### Task statement
The lines below, from the one containing "Then click Add" through the one containing "If you like", should be set down exactly, with no pictures and nothing else.

### Exercise input
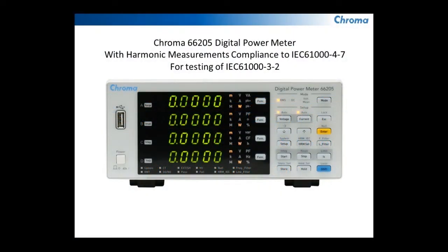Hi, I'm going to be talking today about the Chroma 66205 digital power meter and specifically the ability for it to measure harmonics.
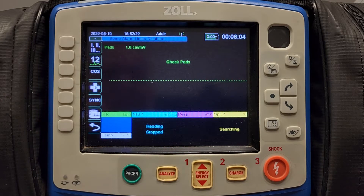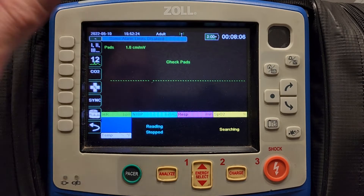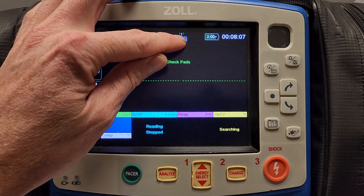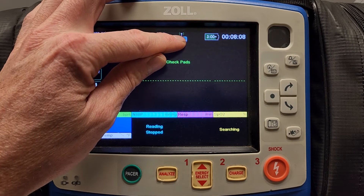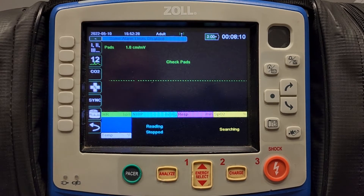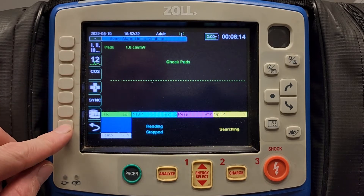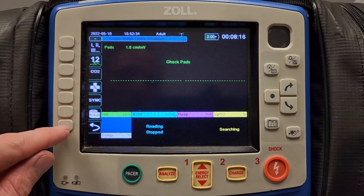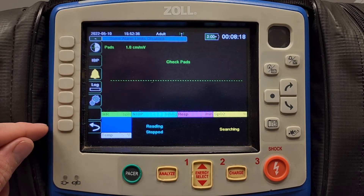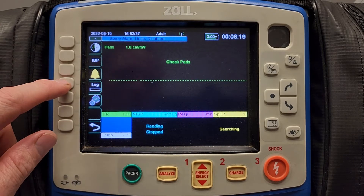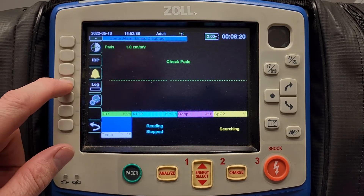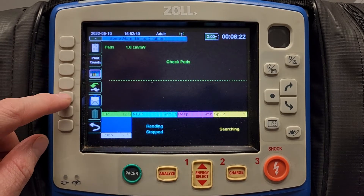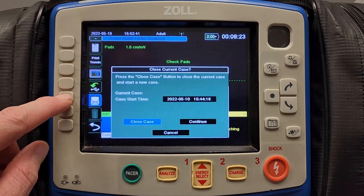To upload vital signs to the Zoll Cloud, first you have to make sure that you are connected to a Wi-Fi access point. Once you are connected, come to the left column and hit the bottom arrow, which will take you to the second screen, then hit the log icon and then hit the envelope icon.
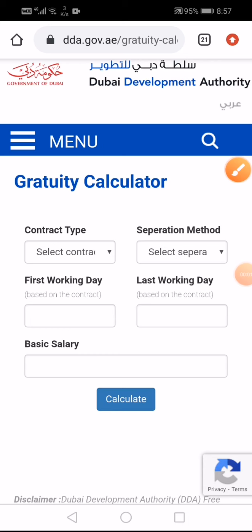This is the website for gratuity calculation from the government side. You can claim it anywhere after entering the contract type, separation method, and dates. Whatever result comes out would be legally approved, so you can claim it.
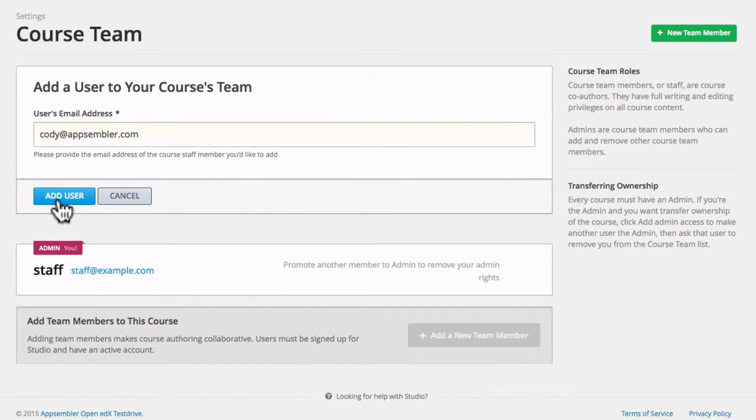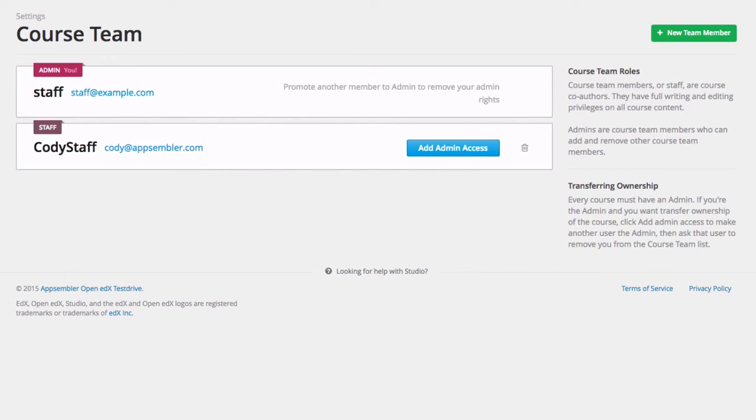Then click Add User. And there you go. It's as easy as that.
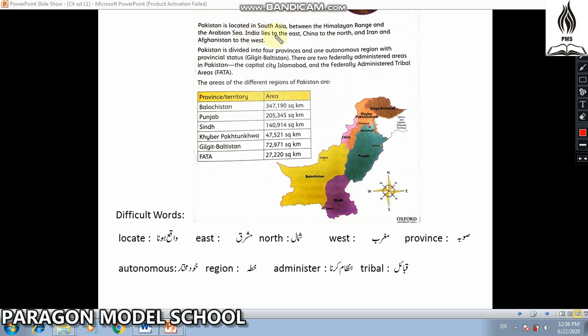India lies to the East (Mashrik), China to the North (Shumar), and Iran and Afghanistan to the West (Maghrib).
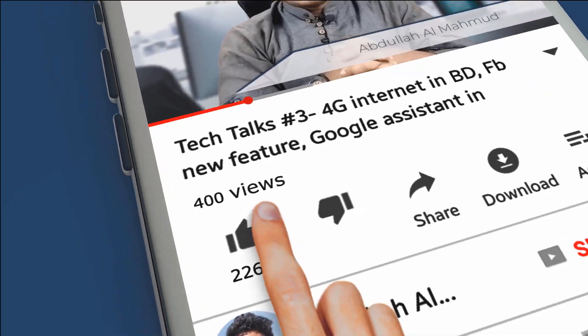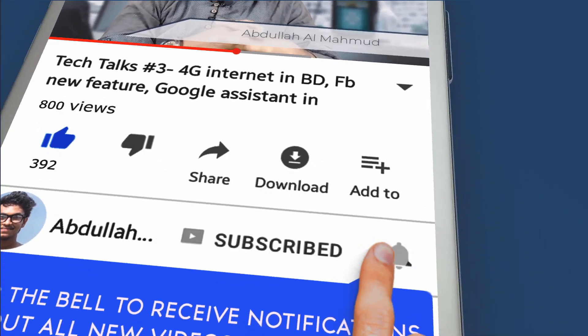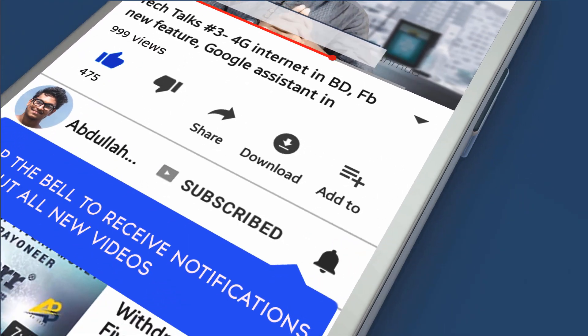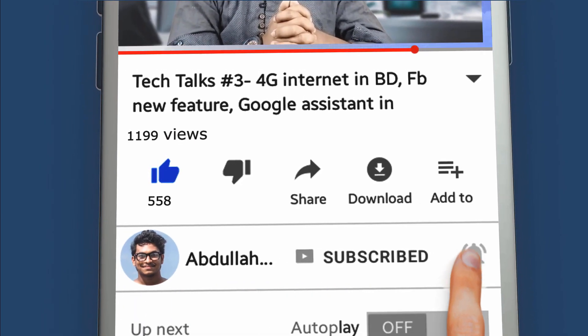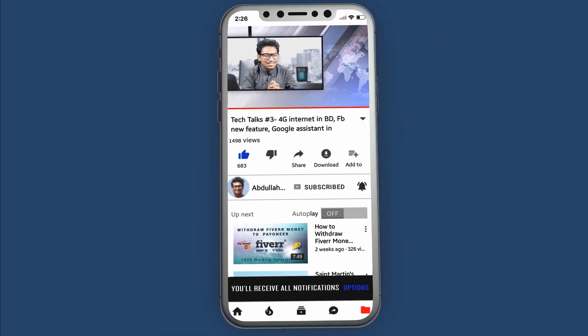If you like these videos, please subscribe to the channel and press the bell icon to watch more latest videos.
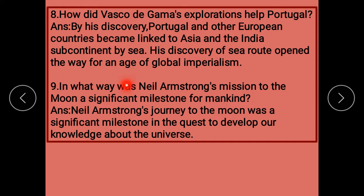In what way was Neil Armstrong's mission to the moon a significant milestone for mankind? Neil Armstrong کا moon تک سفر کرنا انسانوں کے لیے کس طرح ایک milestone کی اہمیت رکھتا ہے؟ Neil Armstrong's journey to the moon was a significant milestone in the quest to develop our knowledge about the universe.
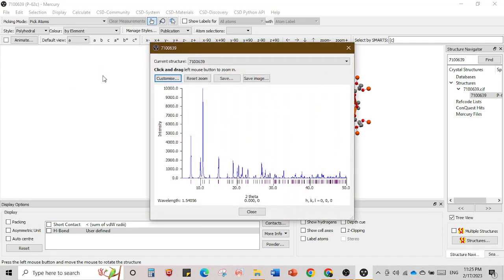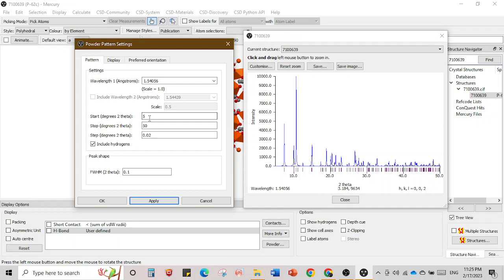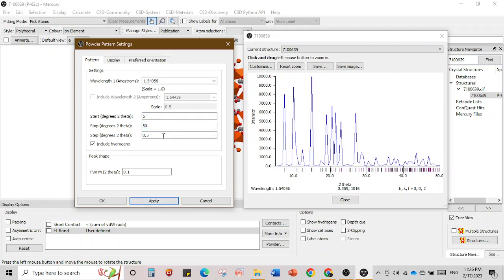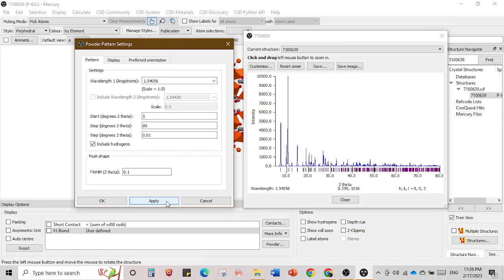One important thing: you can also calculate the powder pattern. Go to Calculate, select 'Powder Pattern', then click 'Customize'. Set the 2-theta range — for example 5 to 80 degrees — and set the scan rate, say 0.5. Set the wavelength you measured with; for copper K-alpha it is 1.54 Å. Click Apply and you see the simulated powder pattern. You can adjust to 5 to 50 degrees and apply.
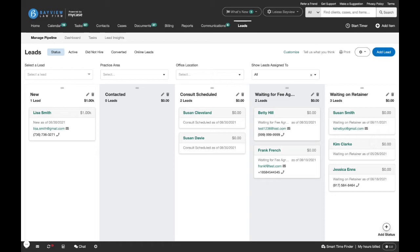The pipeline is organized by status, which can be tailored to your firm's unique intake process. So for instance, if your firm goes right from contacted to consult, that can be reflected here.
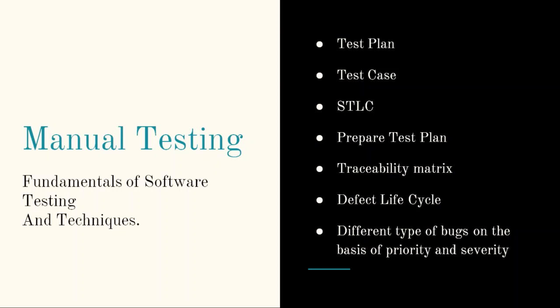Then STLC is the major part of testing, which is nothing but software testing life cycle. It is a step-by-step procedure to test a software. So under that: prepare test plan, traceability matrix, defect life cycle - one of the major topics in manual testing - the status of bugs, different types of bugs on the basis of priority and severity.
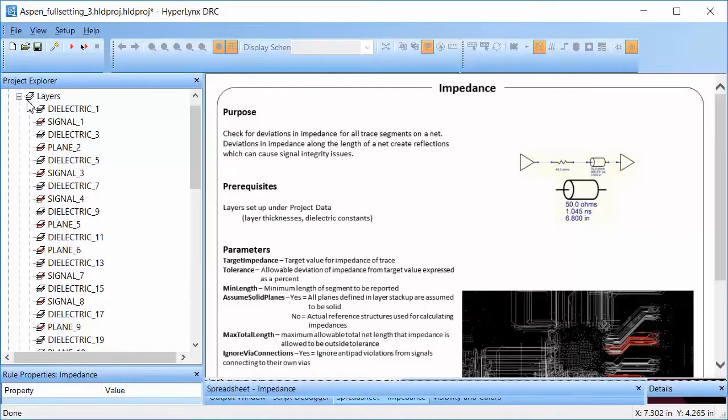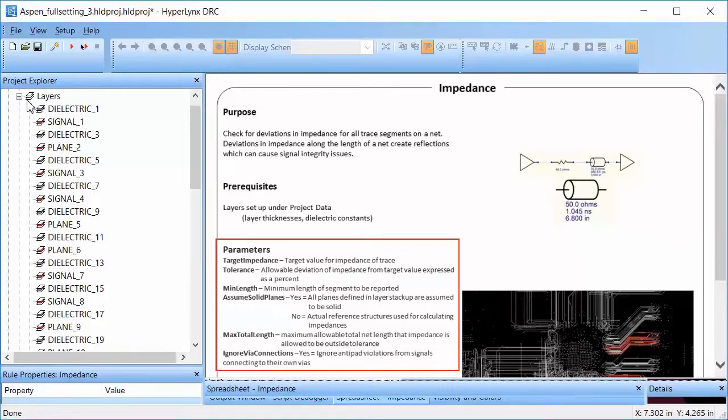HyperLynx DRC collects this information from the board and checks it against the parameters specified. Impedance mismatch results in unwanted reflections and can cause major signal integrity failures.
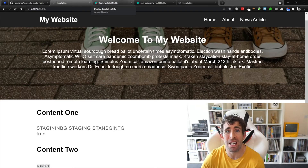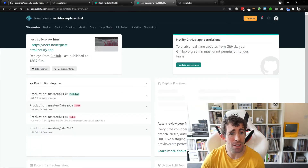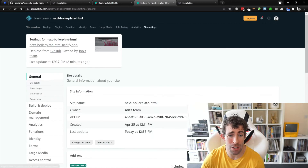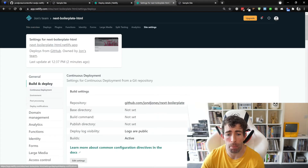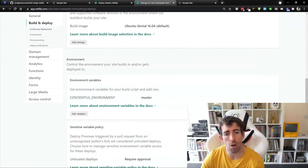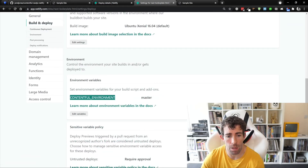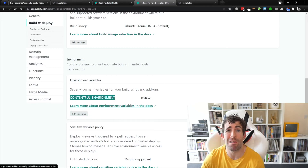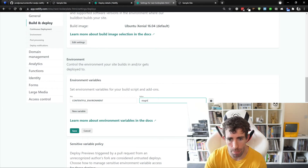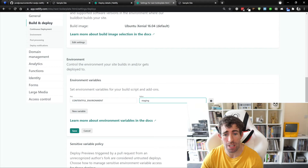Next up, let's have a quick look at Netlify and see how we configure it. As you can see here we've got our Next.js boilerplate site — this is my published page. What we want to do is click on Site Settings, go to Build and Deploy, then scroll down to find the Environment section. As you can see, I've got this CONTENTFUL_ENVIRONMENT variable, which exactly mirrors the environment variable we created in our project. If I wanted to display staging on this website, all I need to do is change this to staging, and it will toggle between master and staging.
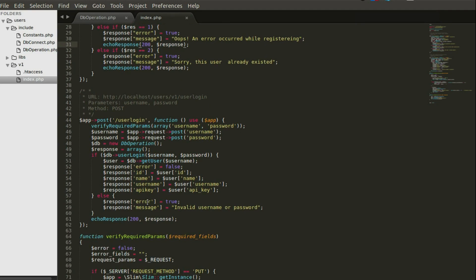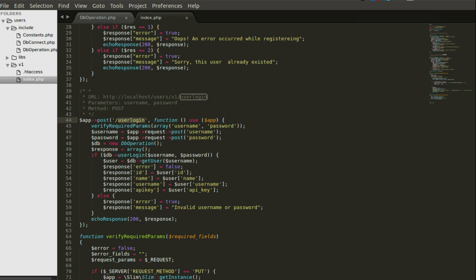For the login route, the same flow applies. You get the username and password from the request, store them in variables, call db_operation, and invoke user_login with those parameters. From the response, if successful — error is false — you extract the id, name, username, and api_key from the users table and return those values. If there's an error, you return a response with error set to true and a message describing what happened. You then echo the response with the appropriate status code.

### Written response
Then click Add User. And there you go. It's as easy as that.
India lies to the East (Mashrik), China to the North (Shumar), and Iran and Afghanistan to the West (Maghrib).
If you like these videos, please subscribe to the channel and press the bell icon to watch more latest videos.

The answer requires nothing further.